To be included in the SALT table, a service user had to - at the point that data was extracted from the local authority’s system - have been in receipt of long-term support services funded or managed by the local authority, following a full assessment of need.
The changes to the population covered by the survey were:
- service users whose only services were the provision of equipment, professional support or short-term residential care were included in the RAP table but not in the SALT table. The exception to this was that service users receiving professional support for their mental health needs were included even where this support was the only service they received
- ‘full-cost clients’ (those who paid for the full costs of their services but whose care needs were assessed and supported through the local authority) were not eligible for inclusion in RAP but were included in SALT
Before 2014 to 2015
Change to the sample substitution criteria
Before 2014 to 2015, where a service user had been selected in the sample, they were sent a questionnaire even if it was known that their services had stopped since they were selected.

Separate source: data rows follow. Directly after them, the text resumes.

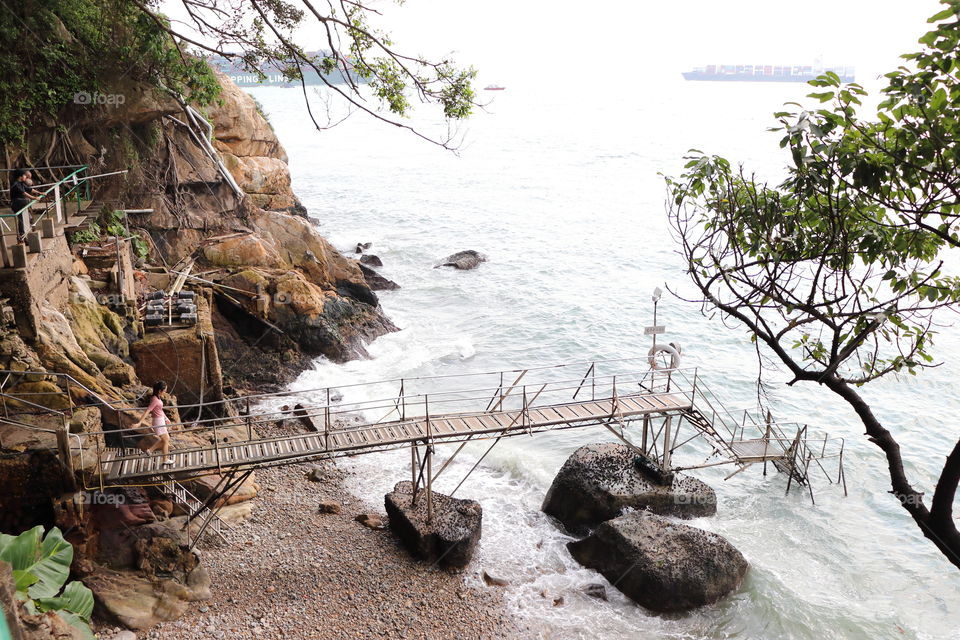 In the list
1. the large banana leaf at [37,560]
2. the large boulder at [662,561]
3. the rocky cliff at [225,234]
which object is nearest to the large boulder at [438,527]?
the large boulder at [662,561]

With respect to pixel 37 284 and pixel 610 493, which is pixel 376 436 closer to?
pixel 610 493

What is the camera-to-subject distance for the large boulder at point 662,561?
45.0 ft

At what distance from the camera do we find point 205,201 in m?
25.1

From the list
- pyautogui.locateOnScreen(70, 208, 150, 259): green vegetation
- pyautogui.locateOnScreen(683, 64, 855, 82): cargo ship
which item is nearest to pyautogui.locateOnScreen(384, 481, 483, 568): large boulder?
pyautogui.locateOnScreen(70, 208, 150, 259): green vegetation

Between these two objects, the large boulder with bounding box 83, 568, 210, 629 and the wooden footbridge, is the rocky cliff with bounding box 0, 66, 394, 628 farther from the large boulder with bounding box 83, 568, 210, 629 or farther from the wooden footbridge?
the wooden footbridge

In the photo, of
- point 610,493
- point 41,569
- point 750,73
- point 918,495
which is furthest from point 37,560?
point 750,73

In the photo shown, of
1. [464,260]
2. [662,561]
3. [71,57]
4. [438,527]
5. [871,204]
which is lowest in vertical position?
[662,561]

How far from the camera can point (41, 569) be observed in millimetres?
8727

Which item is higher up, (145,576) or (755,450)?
(755,450)

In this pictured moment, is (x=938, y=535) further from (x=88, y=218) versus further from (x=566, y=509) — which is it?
(x=88, y=218)

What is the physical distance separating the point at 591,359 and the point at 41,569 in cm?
2220

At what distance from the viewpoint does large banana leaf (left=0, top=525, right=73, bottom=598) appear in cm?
821

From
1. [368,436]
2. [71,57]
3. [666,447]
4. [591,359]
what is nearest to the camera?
→ [368,436]

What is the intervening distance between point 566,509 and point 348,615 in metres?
5.87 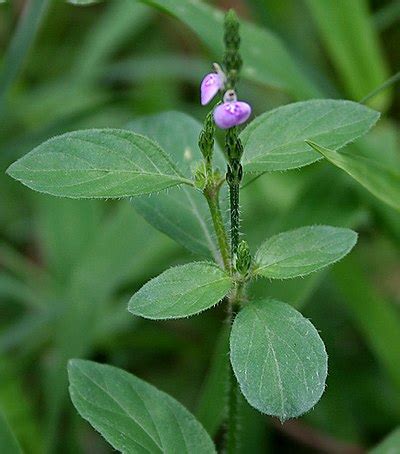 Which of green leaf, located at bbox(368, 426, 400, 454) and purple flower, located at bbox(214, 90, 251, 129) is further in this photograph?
green leaf, located at bbox(368, 426, 400, 454)

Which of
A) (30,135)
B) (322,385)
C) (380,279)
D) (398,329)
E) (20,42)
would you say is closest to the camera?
(322,385)

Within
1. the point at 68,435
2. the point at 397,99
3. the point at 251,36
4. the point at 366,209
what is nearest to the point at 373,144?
the point at 366,209

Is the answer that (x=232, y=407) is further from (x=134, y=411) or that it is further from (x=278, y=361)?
(x=278, y=361)

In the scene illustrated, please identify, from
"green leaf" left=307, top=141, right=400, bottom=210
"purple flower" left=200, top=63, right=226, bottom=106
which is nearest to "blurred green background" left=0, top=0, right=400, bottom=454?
"green leaf" left=307, top=141, right=400, bottom=210

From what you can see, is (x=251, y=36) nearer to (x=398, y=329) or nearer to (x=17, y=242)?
(x=398, y=329)

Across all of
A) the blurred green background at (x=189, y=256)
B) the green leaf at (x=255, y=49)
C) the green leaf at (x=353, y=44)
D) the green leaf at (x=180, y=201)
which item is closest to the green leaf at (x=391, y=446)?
the blurred green background at (x=189, y=256)

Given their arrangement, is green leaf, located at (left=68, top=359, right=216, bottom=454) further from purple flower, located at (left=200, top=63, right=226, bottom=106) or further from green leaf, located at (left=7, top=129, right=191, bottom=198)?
purple flower, located at (left=200, top=63, right=226, bottom=106)

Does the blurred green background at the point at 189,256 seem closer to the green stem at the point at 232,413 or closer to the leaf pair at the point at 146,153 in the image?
the green stem at the point at 232,413

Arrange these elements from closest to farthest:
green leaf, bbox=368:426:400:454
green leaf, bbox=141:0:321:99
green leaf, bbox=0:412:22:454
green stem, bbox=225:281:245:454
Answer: green stem, bbox=225:281:245:454
green leaf, bbox=0:412:22:454
green leaf, bbox=368:426:400:454
green leaf, bbox=141:0:321:99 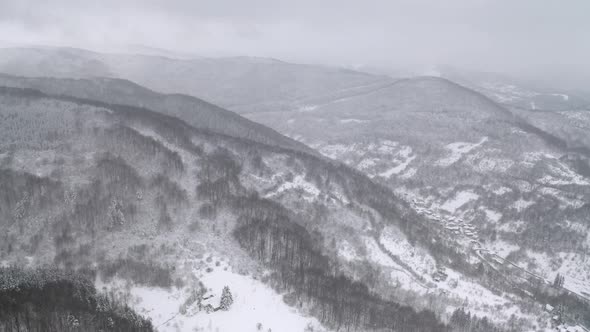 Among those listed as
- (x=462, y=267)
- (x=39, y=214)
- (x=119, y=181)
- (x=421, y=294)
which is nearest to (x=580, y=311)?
(x=462, y=267)

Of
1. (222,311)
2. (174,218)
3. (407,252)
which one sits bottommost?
(407,252)

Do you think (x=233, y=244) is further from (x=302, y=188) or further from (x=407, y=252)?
(x=407, y=252)

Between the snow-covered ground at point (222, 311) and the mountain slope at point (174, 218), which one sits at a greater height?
the mountain slope at point (174, 218)

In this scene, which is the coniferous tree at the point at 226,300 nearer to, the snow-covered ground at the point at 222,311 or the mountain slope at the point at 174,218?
the snow-covered ground at the point at 222,311

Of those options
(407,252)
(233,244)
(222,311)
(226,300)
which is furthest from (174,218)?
(407,252)

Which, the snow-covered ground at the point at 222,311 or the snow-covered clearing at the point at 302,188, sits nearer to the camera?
the snow-covered ground at the point at 222,311

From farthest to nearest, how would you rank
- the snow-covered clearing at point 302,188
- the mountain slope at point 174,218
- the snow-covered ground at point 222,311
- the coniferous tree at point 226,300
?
the snow-covered clearing at point 302,188 < the mountain slope at point 174,218 < the coniferous tree at point 226,300 < the snow-covered ground at point 222,311

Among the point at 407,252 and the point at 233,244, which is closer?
the point at 233,244

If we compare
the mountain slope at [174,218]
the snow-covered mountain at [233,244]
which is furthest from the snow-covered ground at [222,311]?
the mountain slope at [174,218]

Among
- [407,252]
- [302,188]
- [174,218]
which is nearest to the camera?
[174,218]

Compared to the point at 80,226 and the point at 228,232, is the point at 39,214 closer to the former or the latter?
the point at 80,226

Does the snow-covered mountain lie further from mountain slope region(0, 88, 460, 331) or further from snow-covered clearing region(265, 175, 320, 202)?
snow-covered clearing region(265, 175, 320, 202) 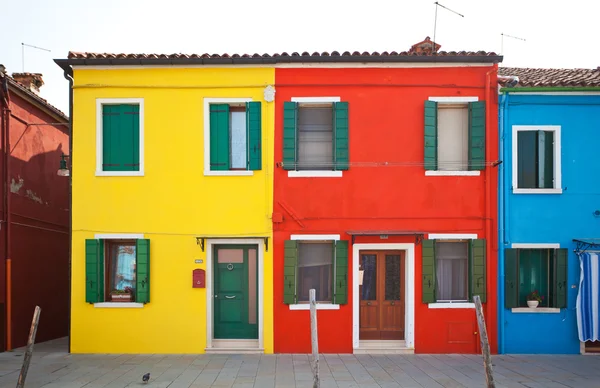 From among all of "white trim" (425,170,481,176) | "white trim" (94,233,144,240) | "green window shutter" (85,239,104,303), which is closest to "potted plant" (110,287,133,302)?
"green window shutter" (85,239,104,303)

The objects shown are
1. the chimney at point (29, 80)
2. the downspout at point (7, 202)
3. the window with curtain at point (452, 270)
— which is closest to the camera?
the window with curtain at point (452, 270)

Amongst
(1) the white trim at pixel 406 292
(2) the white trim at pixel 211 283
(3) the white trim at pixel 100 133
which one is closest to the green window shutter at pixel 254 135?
(2) the white trim at pixel 211 283

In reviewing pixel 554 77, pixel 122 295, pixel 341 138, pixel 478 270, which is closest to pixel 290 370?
pixel 122 295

These service users were now removed from the sample and replaced with a suitable alternative.
Changes to the weighting methodology
Stratified sampling was introduced into the ASCS in 2011 to 2012, and each response assigned a weight so that the results were representative of the entire target population from which the sample was drawn.
For the years 2011 to 2012, 2012 to 2013 and 2013 to 2014, these weights were calculated by dividing the count of the target population by the count of respondents (the inverse probability of being a survey respondent) in each local authority for each stratum. The same weights were applied for all question responses.
For 2014 to 2015 onwards, a unique set of weights were calculated for each question by dividing the count of the target population by the count of usable responses to that question (the inverse probability of responding to that question) in each local authority for each stratum.
This method is more robust and produces more accurate results.